Palmer amaranth has begun to emerge and unfortunately it is not a problem to find seedling Palmer in our fields. This is not a surprise as research from two decades back suggests that environmental conditions like those we experienced the first half of April should be conducive for germination to begin.
Published literature on environmental factors that promote Palmer amaranth germination would point to relatively warmer soil temperatures (>40º F), swings in soil temperatures, and seed exposure to light as some of the most influential conditions for the seed to germinate.
Data from research have shown that 8% of Palmer amaranth seed will germinate with a minimum average soil temperature of 41º F. This is compared with 86% of Palmer amaranth seed germinating if the average soil temperature is 86º F. This is why Palmer amaranth emergence really gets rolling in May and June compared to April.

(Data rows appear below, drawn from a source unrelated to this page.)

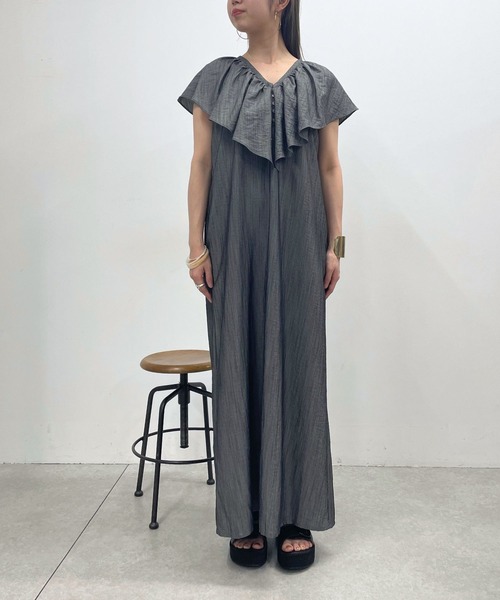 Omekashi（オメカシ）の「【オケージョンにも使える！】ノースリフリルカラーワンピース（ワンピース・レディース・オフホワイト/チャコールグレー/ブラック/レッド・36/38）」の15枚目の写真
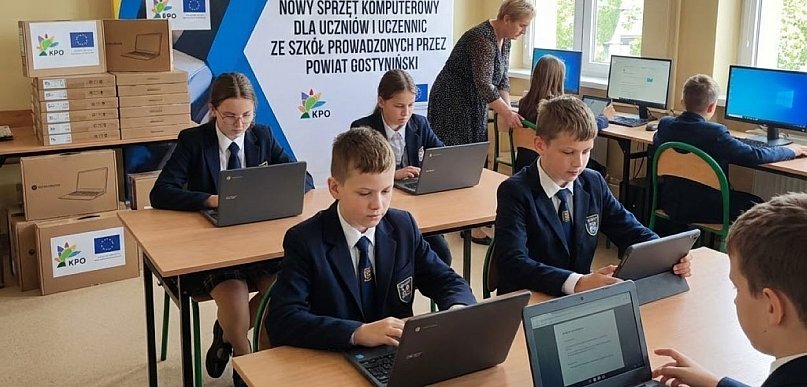 Powiat Gostyniński: nowoczesny sprzęt trafił do szkół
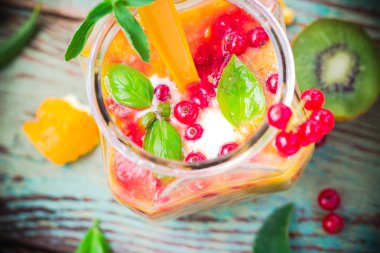 Kokteyl kivi meyve portakal kırmızı kuş üzümü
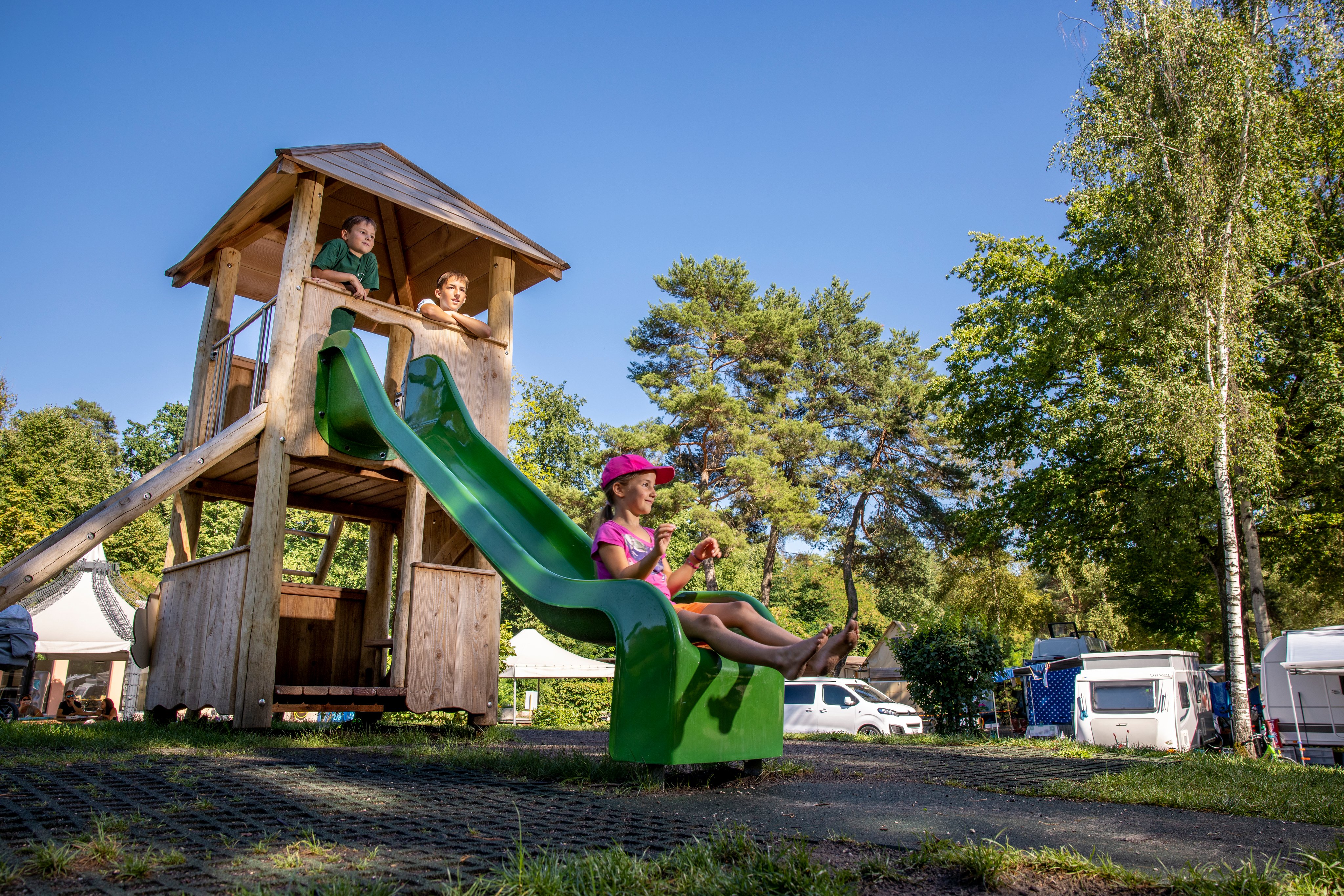 Kinder spielen auf dem Spielplatz des Campings Salavaux Plage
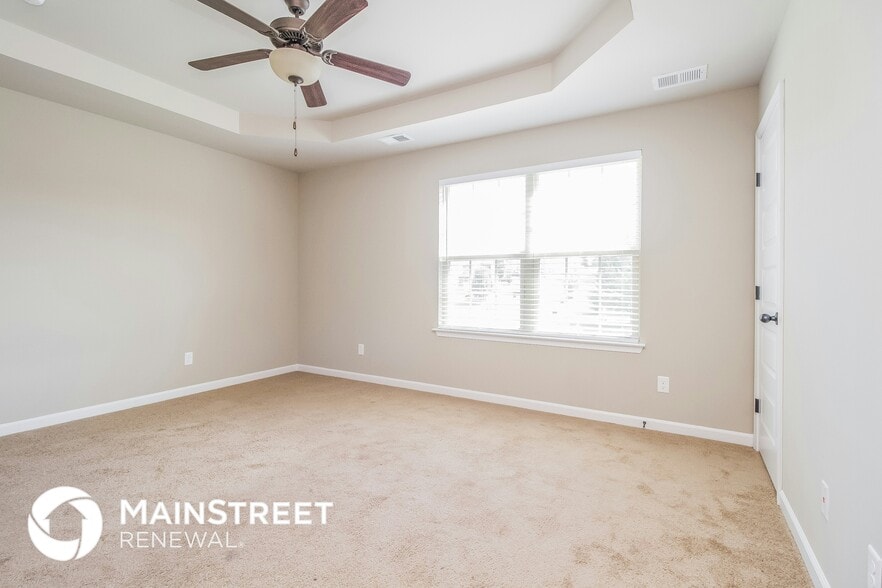 Building Photo - 153 Lyndhurst Dr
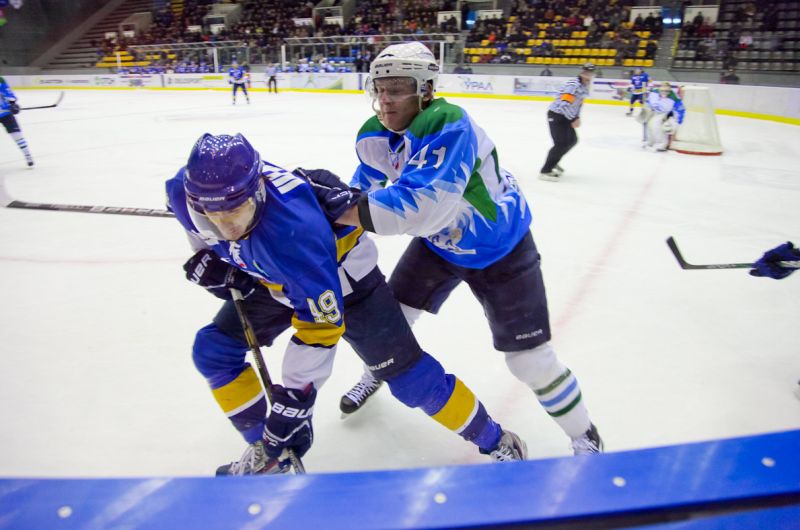 Фоторепортаж матча ВХЛ «Казцинк-Торпедо» — «Торос» 0:1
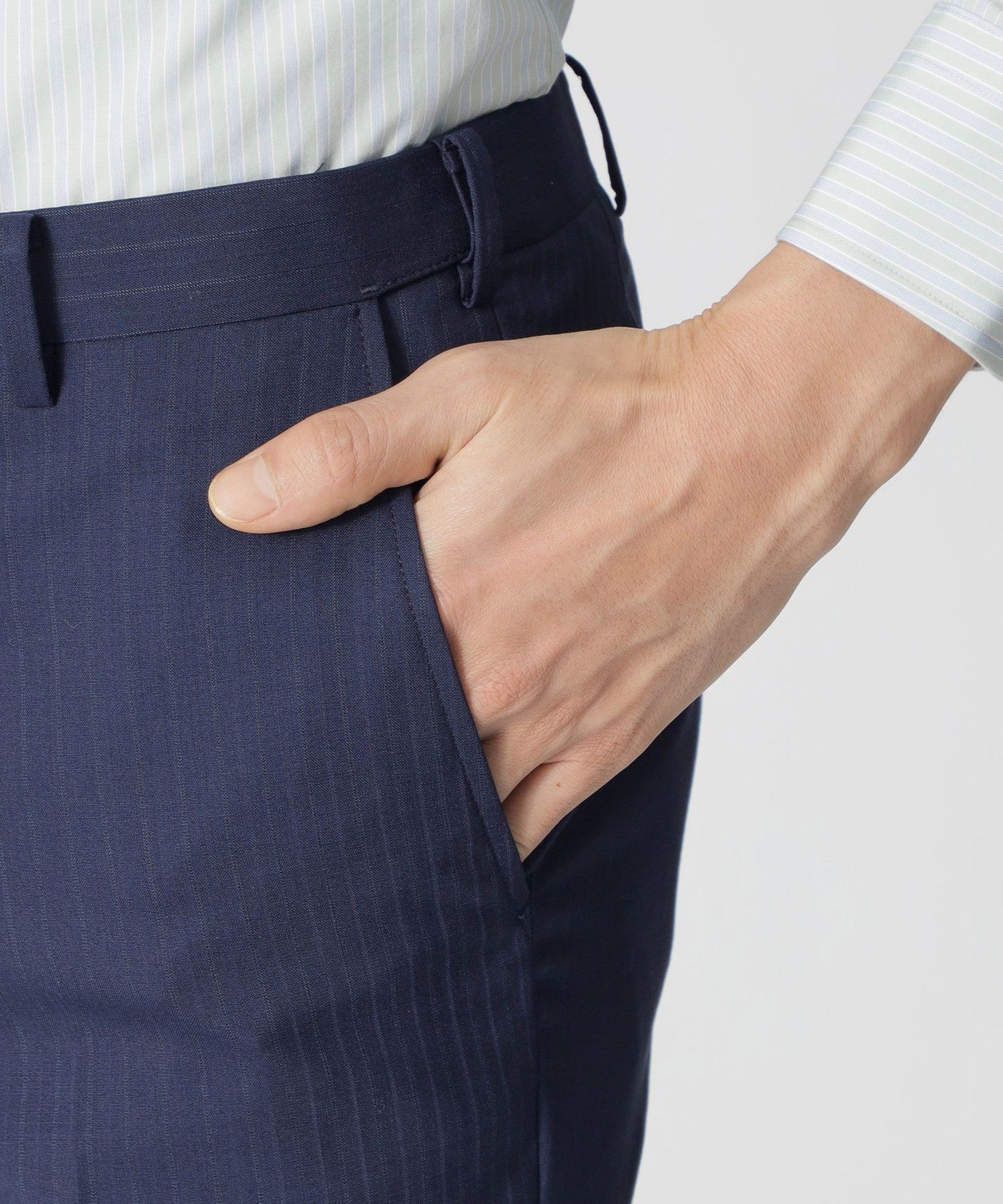 1142-J1H9950728__U,28,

Moreover, Palmer amaranth germination will increase another 11% if the soil temperature is alternating about 30% plus/minus that average soil temperature compared with seed laying in a more constant soil temperature. Palmer amaranth seed is also more prone to germinate when exposed to light.

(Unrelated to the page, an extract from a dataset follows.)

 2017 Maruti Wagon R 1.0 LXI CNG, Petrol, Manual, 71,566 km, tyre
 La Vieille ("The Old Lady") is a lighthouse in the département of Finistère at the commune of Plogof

If we consider that our no-till environment exposes most all the Palmer amaranth seed in the field to conditions listed above that enhance germination it is no wonder we struggle with this weed every year. Moreover, more recent research has suggested that glyphosate-resistant Palmer amaranth uses nitrogen more efficiently than Palmer amaranth that is not resistant to this herbicide.
All of this would suggest that Palmer amaranth continues to evolve to increasingly improve its fit into our row crop production systems both from a herbicide-resistant standpoint as well as our cultural management practices in cotton and soybean.